DENVER (CN) - A Colorado marijuana dispensary found little relief in their ongoing battle with the Internal Revenue Service after the 10th Circuit denied its petition to overturn a tax court order.

The owners of Castle Rock, Colo.-based Total Health Concepts marijuana dispensary took the IRS to tax court after their marijuana business expenses were disallowed and they were handed a hefty bill for tax deductions that, had the expenses not been marijuana-related, might have been granted.

But because marijuana is still illegal under federal law, the IRS asked the dispensary to disclose the nature of their business. Total Health Concepts asserted their Fifth Amendment right not to respond to avoid self-incrimination, according to court records.

The IRS filed a motion to compel discovery of the nature of the business.

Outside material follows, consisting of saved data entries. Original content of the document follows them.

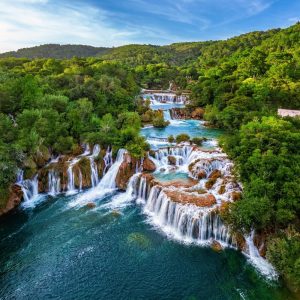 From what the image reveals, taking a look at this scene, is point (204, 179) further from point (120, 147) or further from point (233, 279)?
point (233, 279)

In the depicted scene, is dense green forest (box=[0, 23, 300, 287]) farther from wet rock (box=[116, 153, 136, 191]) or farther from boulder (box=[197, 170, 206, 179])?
boulder (box=[197, 170, 206, 179])

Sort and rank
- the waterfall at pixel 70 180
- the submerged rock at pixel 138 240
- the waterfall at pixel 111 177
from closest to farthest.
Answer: the submerged rock at pixel 138 240 → the waterfall at pixel 70 180 → the waterfall at pixel 111 177

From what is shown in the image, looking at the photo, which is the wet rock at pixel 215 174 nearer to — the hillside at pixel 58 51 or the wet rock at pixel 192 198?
the wet rock at pixel 192 198

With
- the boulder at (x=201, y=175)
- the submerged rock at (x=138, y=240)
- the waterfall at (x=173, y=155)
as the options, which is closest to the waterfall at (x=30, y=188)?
the submerged rock at (x=138, y=240)

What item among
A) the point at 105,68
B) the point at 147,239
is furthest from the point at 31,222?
the point at 105,68

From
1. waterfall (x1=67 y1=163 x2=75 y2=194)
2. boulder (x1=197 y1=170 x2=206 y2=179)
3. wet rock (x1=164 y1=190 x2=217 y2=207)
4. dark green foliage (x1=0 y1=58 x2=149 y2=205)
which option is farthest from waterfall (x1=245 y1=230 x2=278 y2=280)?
waterfall (x1=67 y1=163 x2=75 y2=194)

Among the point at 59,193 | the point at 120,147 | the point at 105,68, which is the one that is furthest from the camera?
the point at 105,68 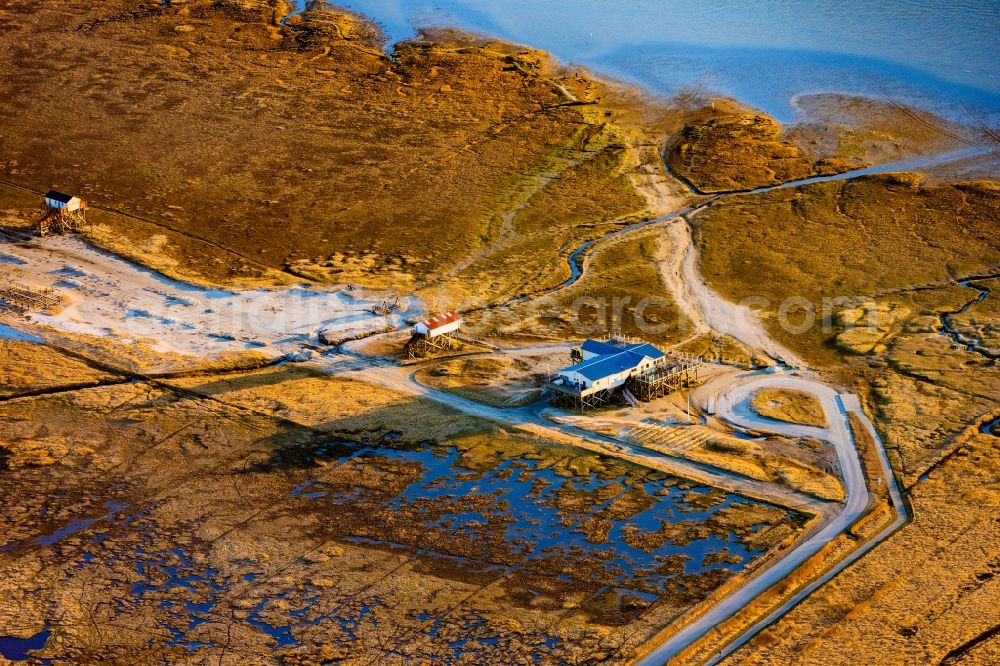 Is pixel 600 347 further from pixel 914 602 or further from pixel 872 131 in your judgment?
pixel 872 131

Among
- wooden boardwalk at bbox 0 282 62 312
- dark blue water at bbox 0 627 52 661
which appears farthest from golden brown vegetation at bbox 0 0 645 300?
dark blue water at bbox 0 627 52 661

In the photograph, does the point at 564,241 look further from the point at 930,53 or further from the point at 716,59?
the point at 930,53

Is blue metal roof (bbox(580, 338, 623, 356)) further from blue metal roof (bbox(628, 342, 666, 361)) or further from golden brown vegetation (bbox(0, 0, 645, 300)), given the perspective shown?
golden brown vegetation (bbox(0, 0, 645, 300))

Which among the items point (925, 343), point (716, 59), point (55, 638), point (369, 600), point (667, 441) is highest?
point (716, 59)

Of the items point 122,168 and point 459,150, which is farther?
point 459,150

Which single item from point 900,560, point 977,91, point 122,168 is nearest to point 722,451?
point 900,560

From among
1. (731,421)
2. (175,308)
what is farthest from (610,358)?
(175,308)

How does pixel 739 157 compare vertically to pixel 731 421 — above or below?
above

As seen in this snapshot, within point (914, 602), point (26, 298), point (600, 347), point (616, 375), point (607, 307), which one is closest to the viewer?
point (914, 602) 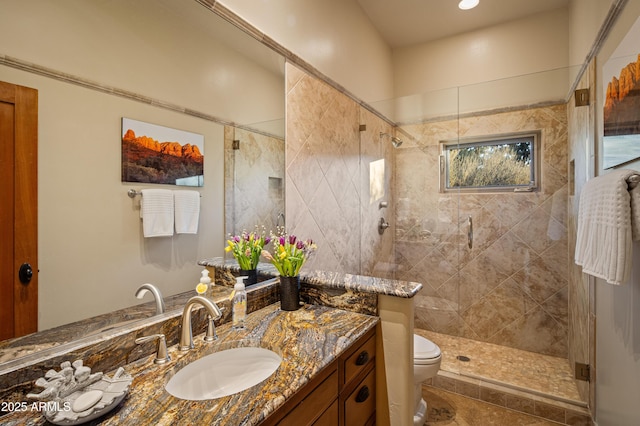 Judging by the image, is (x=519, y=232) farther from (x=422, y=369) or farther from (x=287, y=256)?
(x=287, y=256)

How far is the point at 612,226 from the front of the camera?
4.14ft

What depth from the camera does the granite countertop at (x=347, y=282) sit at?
1.40 m

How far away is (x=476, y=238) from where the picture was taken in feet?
9.46

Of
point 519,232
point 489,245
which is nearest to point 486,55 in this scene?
point 519,232

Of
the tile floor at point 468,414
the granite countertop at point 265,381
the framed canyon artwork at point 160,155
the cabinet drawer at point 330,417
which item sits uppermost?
the framed canyon artwork at point 160,155

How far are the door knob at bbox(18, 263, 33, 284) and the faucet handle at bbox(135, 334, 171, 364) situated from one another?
35 centimetres

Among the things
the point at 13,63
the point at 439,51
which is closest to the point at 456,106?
the point at 439,51

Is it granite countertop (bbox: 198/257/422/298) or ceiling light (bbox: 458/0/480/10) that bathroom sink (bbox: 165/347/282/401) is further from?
ceiling light (bbox: 458/0/480/10)

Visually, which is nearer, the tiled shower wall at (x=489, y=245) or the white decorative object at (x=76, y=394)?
the white decorative object at (x=76, y=394)

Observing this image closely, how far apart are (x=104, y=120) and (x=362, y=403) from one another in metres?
1.48

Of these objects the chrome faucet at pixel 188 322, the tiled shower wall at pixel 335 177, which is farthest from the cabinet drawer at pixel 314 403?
the tiled shower wall at pixel 335 177

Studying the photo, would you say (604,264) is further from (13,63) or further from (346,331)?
(13,63)

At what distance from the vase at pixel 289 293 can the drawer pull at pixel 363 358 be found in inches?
15.8

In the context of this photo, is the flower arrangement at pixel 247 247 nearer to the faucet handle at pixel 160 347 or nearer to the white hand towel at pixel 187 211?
the white hand towel at pixel 187 211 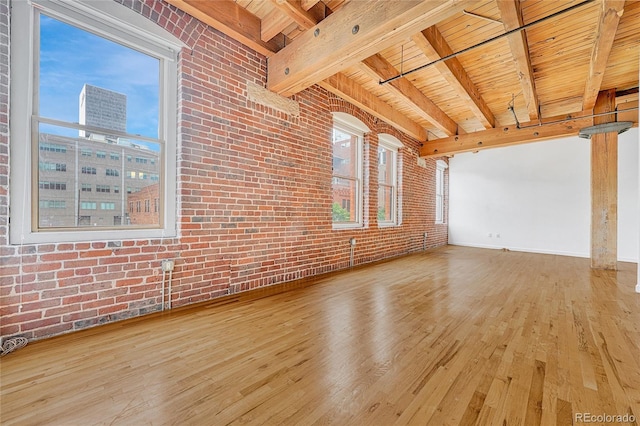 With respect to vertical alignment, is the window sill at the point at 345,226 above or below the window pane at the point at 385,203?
below

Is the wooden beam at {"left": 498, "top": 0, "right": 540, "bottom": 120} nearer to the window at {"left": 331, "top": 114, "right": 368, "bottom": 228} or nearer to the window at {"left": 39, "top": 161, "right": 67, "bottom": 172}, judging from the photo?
the window at {"left": 331, "top": 114, "right": 368, "bottom": 228}

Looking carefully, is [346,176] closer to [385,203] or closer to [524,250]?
[385,203]

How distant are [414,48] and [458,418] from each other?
3924 mm

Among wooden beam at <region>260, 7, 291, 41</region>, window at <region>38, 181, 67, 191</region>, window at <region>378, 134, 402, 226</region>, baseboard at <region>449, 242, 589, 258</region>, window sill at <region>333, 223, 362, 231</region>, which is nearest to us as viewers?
window at <region>38, 181, 67, 191</region>

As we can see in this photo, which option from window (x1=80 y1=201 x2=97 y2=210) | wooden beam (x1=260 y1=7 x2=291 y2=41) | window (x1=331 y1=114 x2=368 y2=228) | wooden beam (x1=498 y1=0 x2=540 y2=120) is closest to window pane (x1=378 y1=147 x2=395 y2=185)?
window (x1=331 y1=114 x2=368 y2=228)

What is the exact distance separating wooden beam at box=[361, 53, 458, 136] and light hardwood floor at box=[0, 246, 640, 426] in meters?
3.03

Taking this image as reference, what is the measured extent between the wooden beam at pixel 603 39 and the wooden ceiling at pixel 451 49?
0.01m

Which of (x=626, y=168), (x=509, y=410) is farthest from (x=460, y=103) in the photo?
(x=509, y=410)

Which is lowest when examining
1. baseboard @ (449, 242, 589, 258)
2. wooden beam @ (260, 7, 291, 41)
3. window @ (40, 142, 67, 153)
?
baseboard @ (449, 242, 589, 258)

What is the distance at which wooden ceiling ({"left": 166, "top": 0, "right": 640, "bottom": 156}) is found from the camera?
256 cm

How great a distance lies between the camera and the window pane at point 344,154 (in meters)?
4.83

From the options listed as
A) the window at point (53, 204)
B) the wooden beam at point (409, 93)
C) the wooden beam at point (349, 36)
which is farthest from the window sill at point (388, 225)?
the window at point (53, 204)

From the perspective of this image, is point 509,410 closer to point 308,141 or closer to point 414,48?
point 308,141

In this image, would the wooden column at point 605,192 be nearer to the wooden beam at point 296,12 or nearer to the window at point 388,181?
the window at point 388,181
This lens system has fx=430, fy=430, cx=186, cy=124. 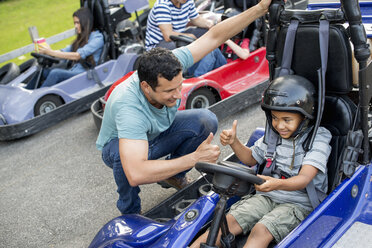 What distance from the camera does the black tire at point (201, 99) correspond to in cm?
418

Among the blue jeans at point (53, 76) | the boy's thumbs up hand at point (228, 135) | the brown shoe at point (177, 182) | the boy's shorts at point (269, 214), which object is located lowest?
the brown shoe at point (177, 182)

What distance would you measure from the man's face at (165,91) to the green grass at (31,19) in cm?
636

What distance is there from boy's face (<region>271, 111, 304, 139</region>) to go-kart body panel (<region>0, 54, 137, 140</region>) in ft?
10.5

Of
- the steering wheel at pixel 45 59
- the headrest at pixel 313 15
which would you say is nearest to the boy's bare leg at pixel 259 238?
the headrest at pixel 313 15

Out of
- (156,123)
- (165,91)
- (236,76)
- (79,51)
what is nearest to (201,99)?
(236,76)

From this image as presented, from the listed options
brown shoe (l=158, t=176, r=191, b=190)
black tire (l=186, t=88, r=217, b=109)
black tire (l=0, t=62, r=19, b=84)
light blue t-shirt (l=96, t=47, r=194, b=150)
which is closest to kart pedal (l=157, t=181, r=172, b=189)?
brown shoe (l=158, t=176, r=191, b=190)

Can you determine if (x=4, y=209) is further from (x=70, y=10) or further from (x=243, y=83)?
(x=70, y=10)

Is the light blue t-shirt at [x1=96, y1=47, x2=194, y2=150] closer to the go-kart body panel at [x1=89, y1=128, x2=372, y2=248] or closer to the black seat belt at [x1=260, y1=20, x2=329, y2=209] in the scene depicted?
the go-kart body panel at [x1=89, y1=128, x2=372, y2=248]

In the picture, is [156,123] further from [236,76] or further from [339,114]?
[236,76]

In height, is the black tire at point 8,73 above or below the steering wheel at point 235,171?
below

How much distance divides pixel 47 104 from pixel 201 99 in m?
1.86

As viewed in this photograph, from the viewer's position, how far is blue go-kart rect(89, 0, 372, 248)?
194 centimetres

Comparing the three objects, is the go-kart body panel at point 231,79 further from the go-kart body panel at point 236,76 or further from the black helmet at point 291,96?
the black helmet at point 291,96

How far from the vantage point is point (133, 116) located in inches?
95.0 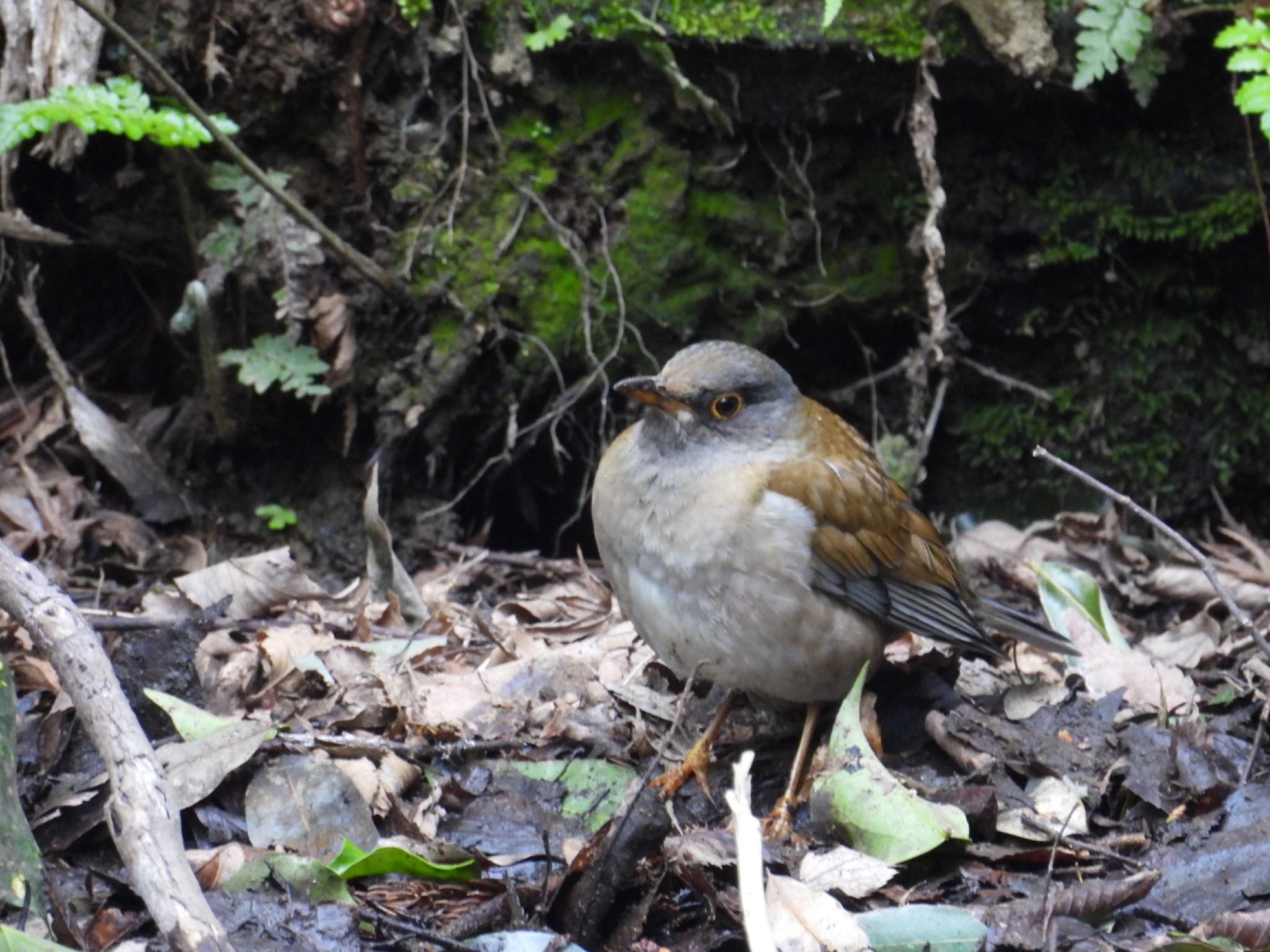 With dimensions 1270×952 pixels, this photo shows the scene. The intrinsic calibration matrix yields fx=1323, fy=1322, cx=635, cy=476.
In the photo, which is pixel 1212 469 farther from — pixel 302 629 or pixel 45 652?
pixel 45 652

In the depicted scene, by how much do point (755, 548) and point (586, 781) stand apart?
35.5 inches

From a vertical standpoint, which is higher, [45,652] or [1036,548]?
[45,652]

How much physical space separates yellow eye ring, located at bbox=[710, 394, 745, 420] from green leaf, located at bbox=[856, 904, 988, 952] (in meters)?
1.76

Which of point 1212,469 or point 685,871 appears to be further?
point 1212,469

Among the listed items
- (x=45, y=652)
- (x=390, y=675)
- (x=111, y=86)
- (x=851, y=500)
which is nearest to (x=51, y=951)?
(x=45, y=652)

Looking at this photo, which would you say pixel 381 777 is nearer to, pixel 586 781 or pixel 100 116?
pixel 586 781

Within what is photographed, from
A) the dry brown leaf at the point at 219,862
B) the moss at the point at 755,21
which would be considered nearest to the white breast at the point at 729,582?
the dry brown leaf at the point at 219,862

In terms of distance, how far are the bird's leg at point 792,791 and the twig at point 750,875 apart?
42.4 inches

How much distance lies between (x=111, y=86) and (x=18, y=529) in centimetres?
200

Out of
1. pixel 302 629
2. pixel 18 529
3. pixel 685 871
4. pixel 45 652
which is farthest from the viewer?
pixel 18 529

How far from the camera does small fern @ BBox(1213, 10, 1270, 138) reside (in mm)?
4809

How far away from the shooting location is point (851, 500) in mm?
4449

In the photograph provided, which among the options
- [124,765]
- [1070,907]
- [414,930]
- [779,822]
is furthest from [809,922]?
[124,765]

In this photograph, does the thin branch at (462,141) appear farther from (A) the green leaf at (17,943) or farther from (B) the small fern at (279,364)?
(A) the green leaf at (17,943) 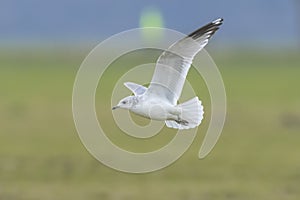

After the motion was granted in tax court, the dispensary took their case to the Denver-based appeals court in an effort to get the discovery motion overturned through a writ of mandamus.

Judges Neil Gorsuch, Jerome Holmes and Nancy Moritz of the 10th Circuit denied Total Health Concepts' petition on Dec. 18 while admitting the company was "fighting" a larger IRS policy at hand that can be confusing in light of U.S. Justice Department memos encouraging federal prosecutors not to pursue charges against state-regulated dispensaries.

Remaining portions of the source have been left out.